Deutschland bei Strompreisen in Europa mittlerweile im Mittelfeld
Hintergrund: Die Preise sind derzeit in Europa sehr schwankend. Gehörte das Niveau in Deutschland zum Jahreswechsel noch zu den höchsten in Europa, so befand sich das Land im März 2023 nur noch auf einem mittleren Platz. Wie sich an der Handelsplattform „Entsoe“ ablesen lässt, kostete im dritten Monat des Jahres eine Kilowattstunde 71,48 Euro. Portugal (64,41 Euro), Dänemark (62,05 Euro), Spanien (61,51 Euro) und Schweden (55,04 Euro) gehörten zu den Ländern, wo die Preise geringer als in Deutschland waren.
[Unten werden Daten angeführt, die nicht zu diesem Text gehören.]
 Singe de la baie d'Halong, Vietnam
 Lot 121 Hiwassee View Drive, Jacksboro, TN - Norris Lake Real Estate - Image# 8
Also kann sich grundsätzlich der Kauf in diesen Ländern immer noch lohnen.
„Physisch kaum Strom aus einem anderen Land erhältlich“
„Es geht ein Stück weit darum, was der Konsument will“, erklärt Barbara Maria Lempp, die Geschäftsführerin des Verbandes Deutscher Energiehändler diesem Nachrichtenportal. „Wohnt er in Schleswig-Holstein, kann er vermutlich sämtliche Stromanbieter nehmen, die ihm das Vergleichsportal Verivox anzeigt, und sich relativ sicher sein, dass in vielen Stunden Windstrom aus Dänemark in seine Leitung ankommt“, so die Fachfrau. „Ist er etwas weiter von der deutschen Landesgrenze entfernt, wird er physisch nur in Deutschland erzeugten Strom bekommen, egal ob sein Energieversorger Vattenfall oder E.ON heißt“, sagt sie. „Einige Energieversorger haben zwar eine ausländische Mutter, wickeln aber das Endkundengeschäft in Deutschland über eine deutsche Tochter ab, die ihren Strom selbst produziert oder im Ausland einkauft“, macht Lempp klar. „Bilanziell kann man also in der Tat ausländischen Strom in Deutschland erhalten, physisch ist das wie oben beschrieben in den meisten Fällen nicht der Fall, weil die Grenzübergangspunkte für Strom an den deutschen Außengrenzen nicht ausreichend groß sind“, fügt die Expertin hinzu.
Auch Katarzyna Guzenda, Expertin für deutsch-polnisches Verbraucherrecht bei der Verbraucherzentrale Brandenburg, hat in der Praxis noch von keinem einzigen Fall gehört, wo ein Deutscher aus dem Ausland bezogen hat – also auch aus Polen nicht. Die Fachfrau weist im Gespräch mit diesem Nachrichtenportal auch darauf hin, dass man sehr genau rechnen müsse, ob sich der Stromeinkauf im Ausland überhaupt lohne. „Denn zusätzlich muss man noch die Posten bezahlen, die noch in Deutschland für den Strom anfallen, beispielsweise die Netzentgelte“, erklärt sie.
Erstmal überhaupt Stromanbieter im Ausland für Deutschland finden
Letztlich müsse man auch erstmal ein ausländisches Energievertriebsunternehmen finden, das den Strom nach Deutschland verkauft.
Und hier erteilt der polnische Konzern Enea diesem Nachrichtenportal eine klare Absage:
„Wir verkaufen gar nicht ins Ausland“, sagt Berenika Ratajczak, die Sprecherin des Konzerns, der einer der größten in Polen ist.
Fazit: Die Regelungen des deutschen Zolls existieren zwar seit fast einem Viertel-Jahrhundert und wirken somit so, als ob sich dahinter ein richtiger Markt mit regem Stromhandel aus dem Ausland befindet. Doch machen sie in der Praxis gar keinen Sinn, weil es viel zu umständlich ist, die Energie von dort zu beziehen. Im Falle von Polen gibt es nicht einmal einen Anbieter, der nach Deutschland verkauft.